1. Costing of 1.8 million homes
It would cost £120,000 to build an affordable home per year. This price includes materials and labour as well as planning costs. The figures are independently supplied by the Housing Federation. The HF also state that each home built creates 1.5 jobs per home and 4 further jobs in the wider employment field. Thus to build one home, the HF calculate that 5.5 jobs are created. All of these figures are independently supplied and not my own. Based upon these figures I have calculated the cost of setting up a Co-operating housing body that would build 1.8million homes making up the shortfall in social housing lost since 1980. Once the 1.8 million homes are completed this plan does not cater for any more being built. The cost to build 100,000 homes every year over 18 years should in theory, on today's prices cost £216 billion pound. It is planned that the government would commit to paying for half of these costs (£113bn), while the Co-op would be allowed to borrow a further £43bn over an 18 year period. The Co-Ops rental income would make up the shortfall. I calculate that this would in fact result in a net benefit of £40bn to the Treasury as savings in the benefit system due to increased employment and increased tax take would leave the Treasury £8.5bn a year better off. Based upon the rental agreement outlined in my previous post namely that £4,000 is generated per home per year, I calculate the net rental benefit to Co-Op housing to be £66.6bn at the end of the 18 year period. This excludes running costs of the Co-op housing which I estimate to be £100m per year. The generated rental income by 2055 would actually exceed the entire costs of building the homes. Thus the homes would then be net assets to the Co-op company. The Co-Op company would then benefit from a rental income of £7.1bn per year, and valuing each home at £120,000, the company would also enjoy property assets of £216bn.
It is proposed that the government pay the initial start up costs of £12bn to complete the first 100,000 homes. Once completed, they would generate £400m of rents per year, but £100 of those would be retained for running costs. To complete the next year's 100,000 homes it is proposed that the Co-op be granted borrowing powers. It would, in this said year, borrow £5.7bn declining at a rate of £400m annually thereafter. The government would provide 18 annual £6bn pound payments until the 1.8million homes were completed. The Co-Op would borrow from years 2 to 18 after which it will be no longer necessary for the government to spend or for the co-op to borrow. From this date the £7.1bn surplus rental income could be used to pay back borrowing. This would not be a PFI initiative. The Co-op would be with the aid of the government allowed to raise capital on the back of its own assets. Given that the assets grow £12bn per year, and that the borrowing required would decline every year, there is little doubt that this credit facility for the Co-op is achievable. Co-Op housing would remain a not for profit organisation.

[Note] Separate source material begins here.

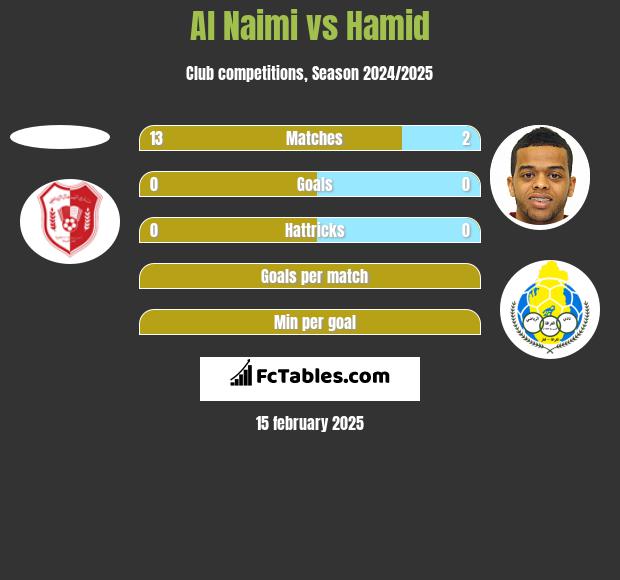 Al Naimi vs Hamid h2h player stats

[See below for projections as to when borrowing will be exceeded by rental income (accumulated)]
[to enlarge simply click the graph or chart]
2. Benefits to GDP, Tax take, and reduced benefit payments
If 750,000 people are employed as a result of this, it means that they do not have to a) claim benefits and b) they can now pay taxes. One unemployed person on average claims £82 a week in Housing Benefit. They also claim job seekers allowance of £67.50. Both these are modest estimates. Evidence shows that many claim other benefits in addition. But i have omitted these from my calculations. In terms of Child Tax Credit I assume that those eligible as unemployed will still be eligible when they get a job, so I have omitted CTC savings. WTC tends to climb in a gradient as the CTC element decreases. This mostly has the effect of cancelling the other out. Once over a threshold the total CTC & WTC decreases but I have not factored in these savings. Thus, I repeat, these are conservative calculations.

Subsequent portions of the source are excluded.